Data:
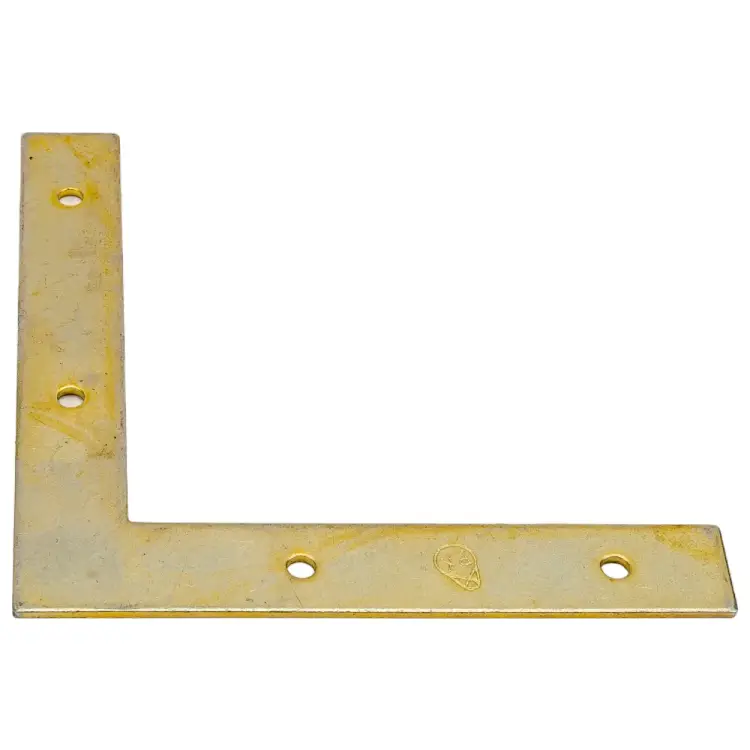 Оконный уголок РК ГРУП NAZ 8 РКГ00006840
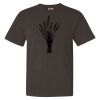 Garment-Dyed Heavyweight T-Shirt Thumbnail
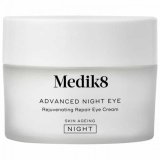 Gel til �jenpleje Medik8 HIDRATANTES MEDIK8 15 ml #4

--

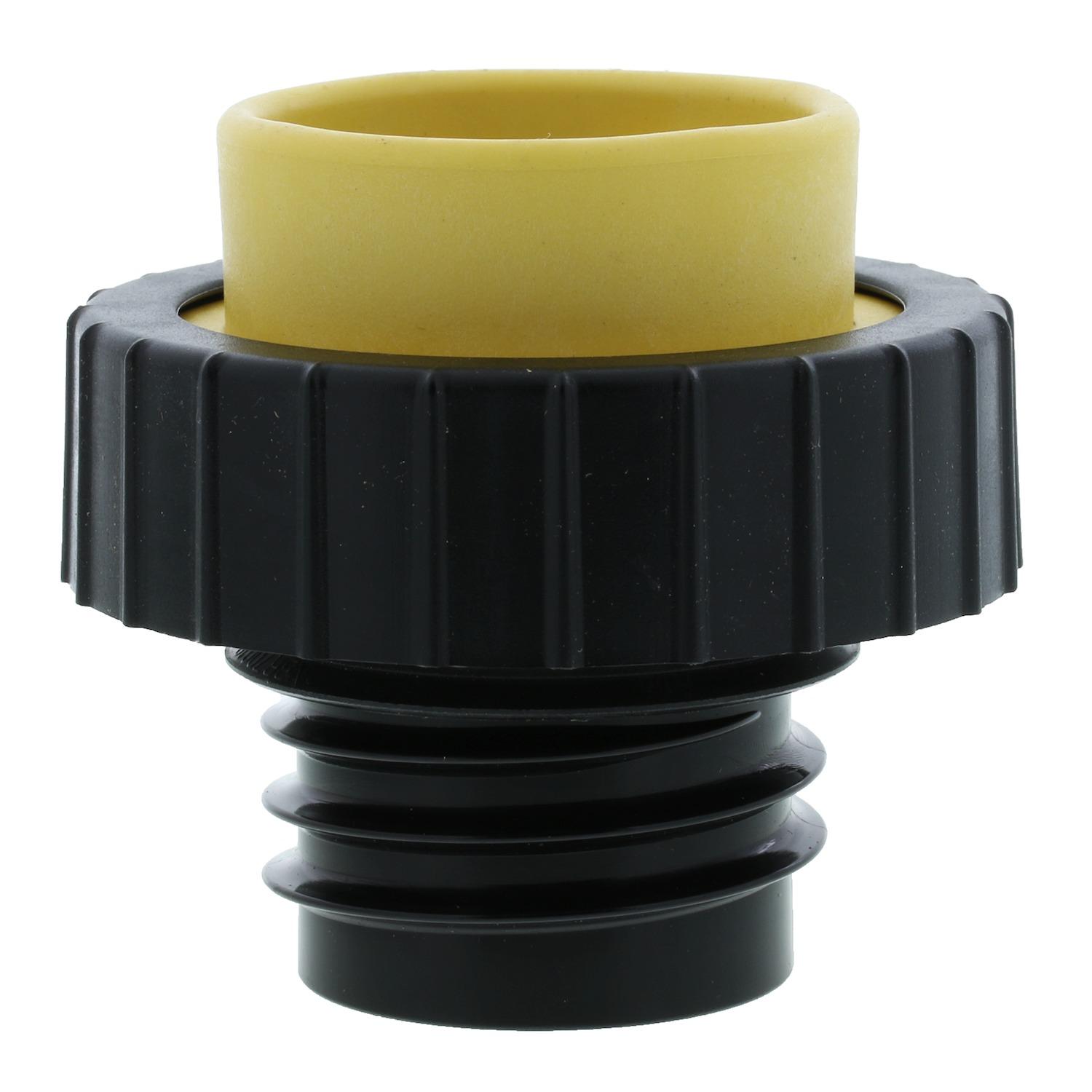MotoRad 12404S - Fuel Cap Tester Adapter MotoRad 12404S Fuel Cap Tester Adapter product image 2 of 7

Task brief:
Look above for the line with "Оконный уголок РК ГРУП NAZ 8 РКГ00006840", then print it and each line after it down to and including the line with "Gel til �jenpleje". Leave out the pictures and keep the wording exact.

Task response:
 Оконный уголок РК ГРУП NAZ 8 РКГ00006840
 Garment-Dyed Heavyweight T-Shirt Thumbnail
 Gel til �jenpleje Medik8 HIDRATANTES MEDIK8 15 ml #4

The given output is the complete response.